I appreciate you answering me, Thanks

My counter question to that because stacking favored enemy is possible, a bane weapon brings so much in terms of DPR if you can magically match your enemy to bane +FE isnt the feat investment of a reach spell (instant enemy) combined with wayang spell hunter worth it then

If you mean it's possible to stack bane with favored enemy then yes that's true. But you would only have one type of bane on your weapon, so it wouldn't apply to all creatures and Instant Enemy does nothing for that.

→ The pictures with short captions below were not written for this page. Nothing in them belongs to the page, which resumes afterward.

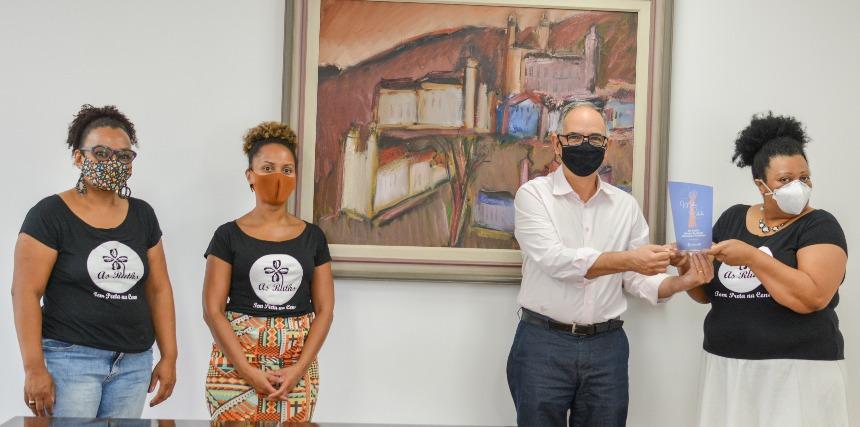 Prefeito inicia a entrega do Troféu Mulher Cidadã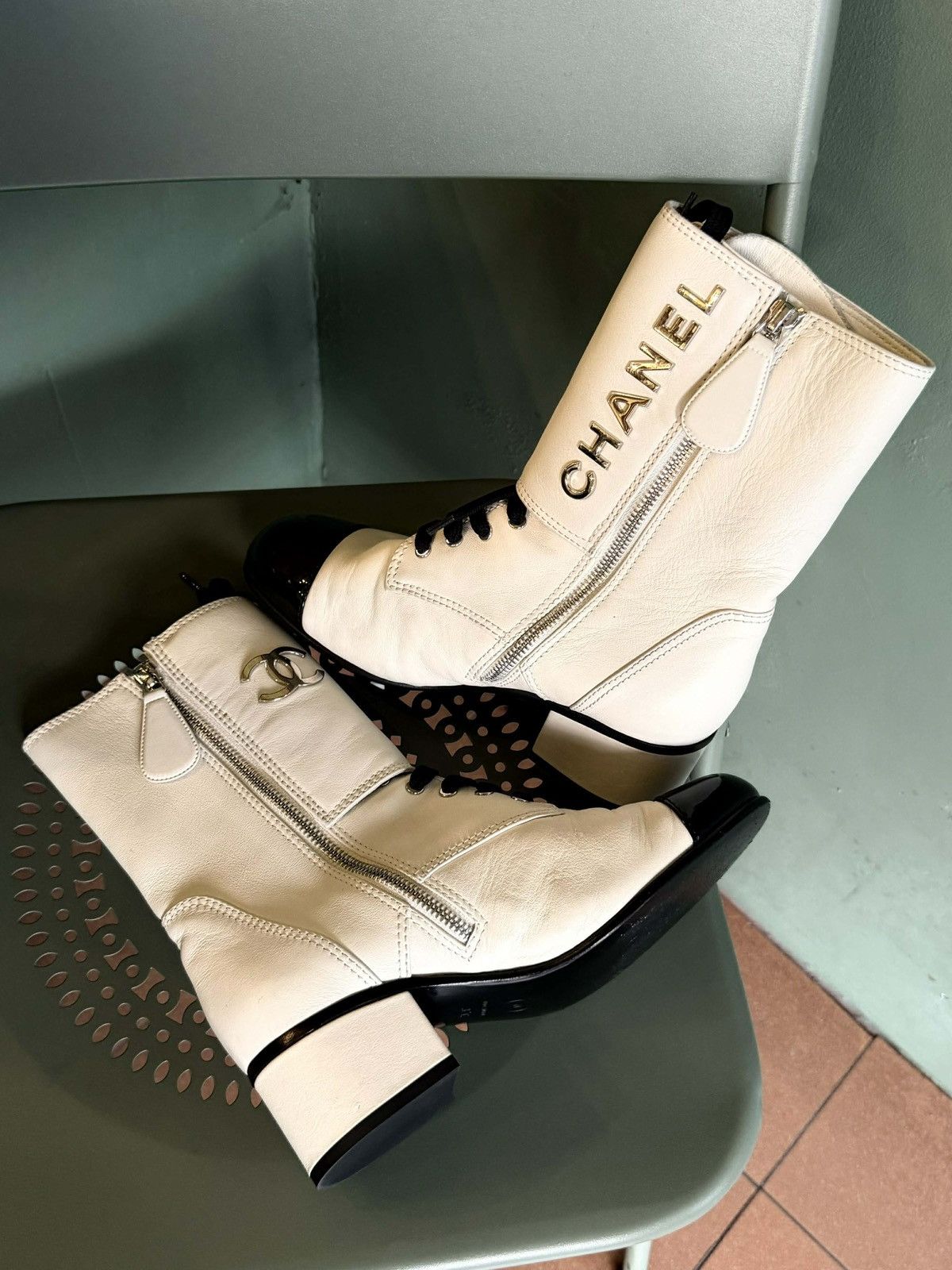Chanel Chanel 19B Two Bone Signature Logo Lace-up Leather Boots Size US 7 / IT 37 - 4 Thumbnail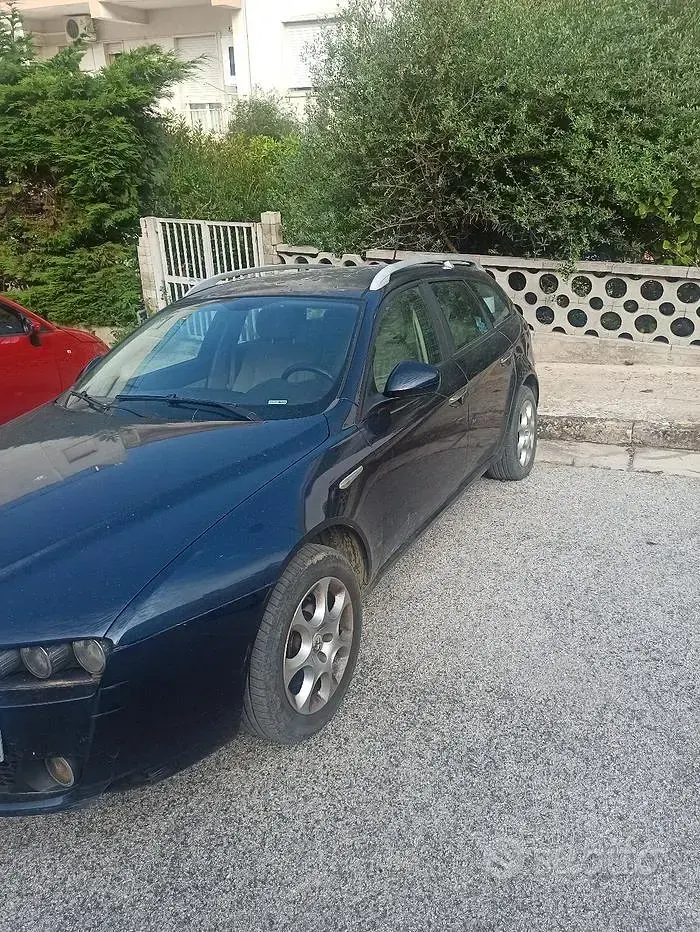 Second-hand Alfa Romeo 159 150 CP (110 kW) 2008 Albastru Break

As far as Wayang spell hunter goes...did you character actually grow up on Minata? If not, you probably shouldn't use this trait. In theory this is supposed to be a fairly restrictive trait in terms of characters that have access to it.


Claxon wrote:
If you mean it's possible to stack bane with favored enemy then yes that's true. But you would only have one type of bane on your weapon, so it wouldn't apply to all creatures and Instant Enemy does nothing for that.

Interestingly enough...

Instant Enemy wrote:
With this spell you designate the target as your favored enemy for the remainder of its duration. Select one of your favored enemy types. For the duration of the spell, you treat the target as if it were that type of favored enemy for all purposes.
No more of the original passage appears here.